Huele a naufragio inminente en Coney Island. La popa herrumbrosa y mítica de Nueva York, el cocedero humano que cantaron José Martí, García Lorca y Lou Reed, el lugar donde nacieron la montaña rusa y los perritos calientes, puede pasar definitivamente a la leyenda en unos meses.
Los bulldozers avanzan peligrosamente hacia el Astroland, último superviviente de la edad de oro de los parques de atracciones. Las barracas de feria están desapareciendo y las tiendas de souvenirs echan el cierre porque no pueden pagar la renta. Los carteles de «Franks, Clams and Cold Beer» han dejado paso al ubicuo: «Se alquila».
Dick Zigun, el capitán del circo de los freaks, se aferra a la secular habilidad de Coney Island para tocar puerto en medio de todas las tempestades. Al fin y al cabo, él encalló allí con un puñado de artistas en los años 80, cuando ya se empezaba a entonar el réquiem, y la magia volvió a brotar, y salieron del mar las sirenas...
Pero esta embestida parece la definitiva. El magnate inmobiliario Joe Sitt, al frente de su buque insignia Thor Equities, se ha convertido en dueño y señor de Coney Island y sueña con construir rascacielos de 40 a 50 pisos en primera línea de playa. La ola de especulación de la vecina Manhattan ha llegado hasta la orilla más populosa y popular.

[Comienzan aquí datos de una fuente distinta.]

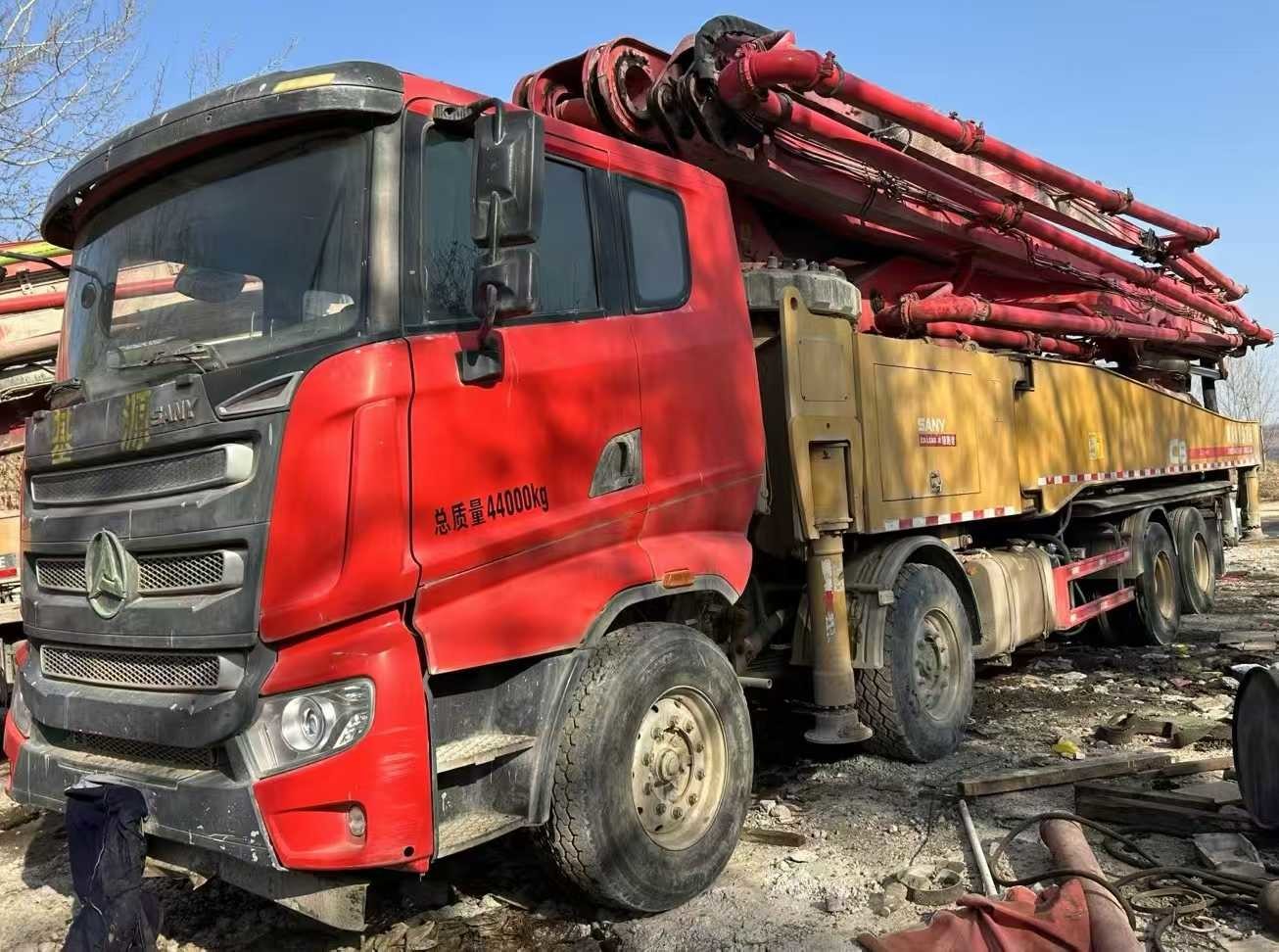 56M SANY Concrete Pump Truck Discount 8x4 Drive Mode 2013 Pump Year Limited Time Sale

Joe Sitt, que se crió en el barrio y vibró con el vértigo del Cyclone o de la Wonder Wheel, ha dicho que quiere preservar el espíritu y convertir el lugar en una nueva meca del entretenimiento. Pero pocos le creen. De momento, los inquilinos del Astroland (vendido por 30 millones de euros) han recibido el aviso de que tiene que abandonar la nave a finales de año para «limpiar la propiedad».
Los nativos sospechan que Sitt quiere seguir el camino trazado por Fred Trump, que arrasó el añorado parque de atracciones Steeplechase y tan sólo dejó en pie, como testimonio de la gloria pasada, la torre metálica y roja del Parachute Jump.

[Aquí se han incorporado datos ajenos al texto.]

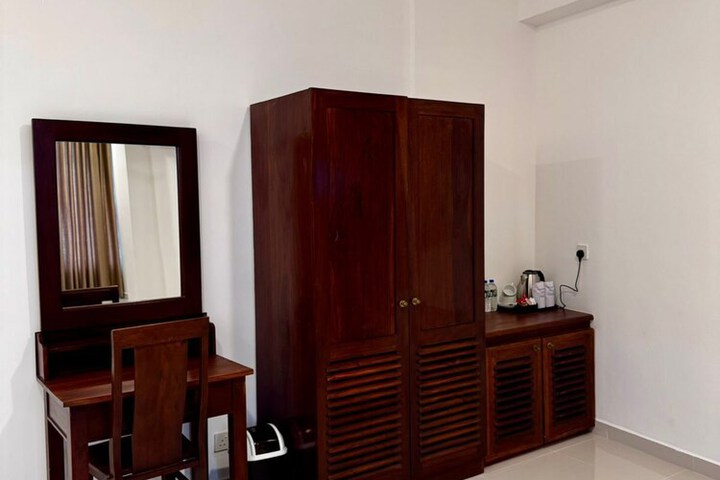 Room 17 of 30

«Sitt ha aprendido la lección de la historia y va a hacer lo mismo que el padre de Donald Trump», advierte Charles Denson, autor de Coney Island lost and found. «Si no le dejan construir lo que quiere, lo destruirá todo y dejará en su lugar un solar ruinoso».
Charles Denson, vecino ilustre del lugar, ha decidido lanzar su propio bote salvavidas. La barcarza de «Save Coney Island» atracó estos días en Battery Park, en las escalinatas del Ayuntamiento de Nueva York. Las sirenas y los marineros en tierra reclamaron al alcalde Michael Bloomberg que tome el timón e impida que Joe Sitt se salga con la suya.

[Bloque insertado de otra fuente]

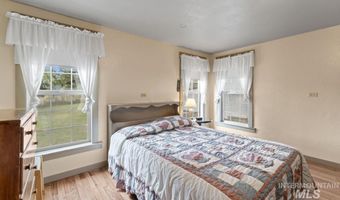 739 S Main St, Cascade, ID 83611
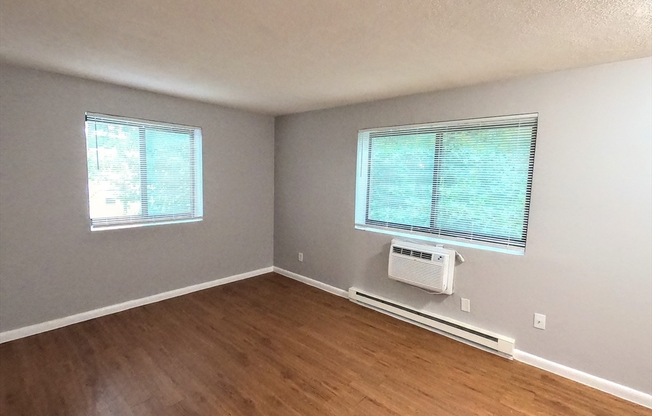 Studio, 1 bath, 400 sqft, $1,975, Unit 15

«Coney Island es mucho más que un parque de atracciones», proclama Denson. «Esa playa siempre ha sido el punto de encuentro de los neoyorquinos de las clases populares. Ese lugar tiene una historia que hay que respetar. No puede convertirse en el patio de recreo de los nuevos ricos».
Richar Eagon, cofundador de la Sociedad Histérica (como suena) de Coney Island, se ha unido a la tripulación y ha denunciado las maniobras conspiratorias: «Quieren quitarnos el ruido, el olor, el sabor que hace único este lugar... Es cierto que desde que se inventó el aire acondicionado, Coney Island podría haberse adecentado un poco más. Pero aún estamos a tiempo: podemos rescatar lo mejor del pasado y reconstruir este lugar con cautela».
Desde finales del siglo XIX, cuando Andrew Culver acercó el lejano islote al común de los neoyorquinos, Coney Island ha vivido una travesía trepidante. Los balnearios populares fueron labrando el terreno a las primeras fantasías, desde el Hotel Elefante al Sea Lion Park, pasando por la Torre de Hierro de 100 metros.
Antes de que se erizara el perfil de Manhattan, el skyline de Coney Island, con sus luciérnagas nocturnas, era el punto de referencia de los barcos a más de 50 kilómetros de la costa. En apenas siete años se levantaron el Steeplechase, el Luna Park y el Dreamland, y la isla se convirtió en marmita mundial de la diversión, visitada todos los fines de semana por un largo millón de neoyorquinos, labrando el camino a Las Vegas y Disneylandia.
Los fuegos y los malos vientos truncaron poco a poco el sueño. La piqueta y la desidia hicieron el resto. Los magnates como Robert Moses o Fred Trump iniciaron el asedio con esos bloques demoledores y austeros que empañaron el horizonte. Desde la noria del Astroland, en el entarimado que recorre la playa o en las gradas del circo de los freaks se pueden destilar aún los vestigios de aquel pasado delirante y añejo. Por poco tiempo.